Just before they started off she put a hand up to her head.
“Oughtn’t I to fetch a hat?
But Don Luis shook his head.
“You will not need a hat,” he assured her. “The wind will merely blow your curls about, and you will look charming.” His smile apologized for the audacity of his words.
But after they had been travelling for a mile or so Josie began to wish she had fetched a head-scarf, if not a hat. A hat would certainly not have remained on in the rush of air that came at her round the inadequate windscreen. And when they started off there had been a gentle breeze, but after the first half mile the breeze became a gale that was not entirely the result of churned-up air. The day had begun with white clouds racing across the blue of the sky, and now those clouds were joining forces and becoming one rather sombre cloud that looked as if it would shortly obliterate every little patch of blue altogether. And on their right hand, as they dived like a snake along the coast road, the sea also began to look as if its mood would shortly be very bad-tempered.

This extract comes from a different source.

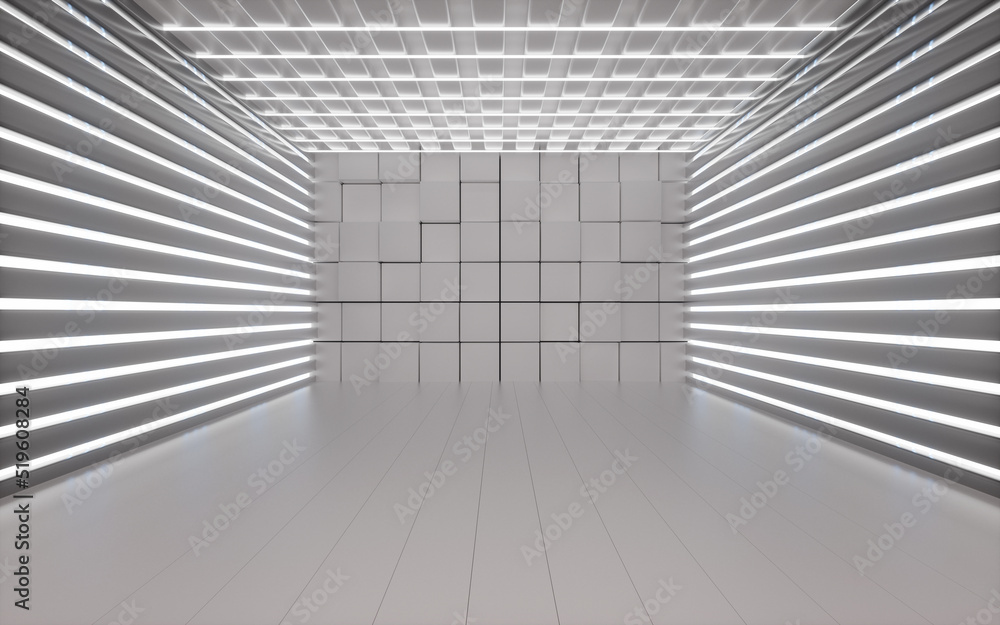 Poster randomly arranged cubes and neon lines in the white room, 3d rendering.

“Later we will have rain,” Luis prophesied; “but not yet. Before the rain comes I will find a little cafe where they serve English tea, and you will eat lots of very little rich cakes such as you would not obtain in England, and we will talk and you will tell me all about yourself, and the kind of life you live when you are not making yourself useful to two people I do not very much like.”
“You mean—Dr. and Mrs. Duveen?” one hand held up to prevent the short ends of her hair being torn from her head.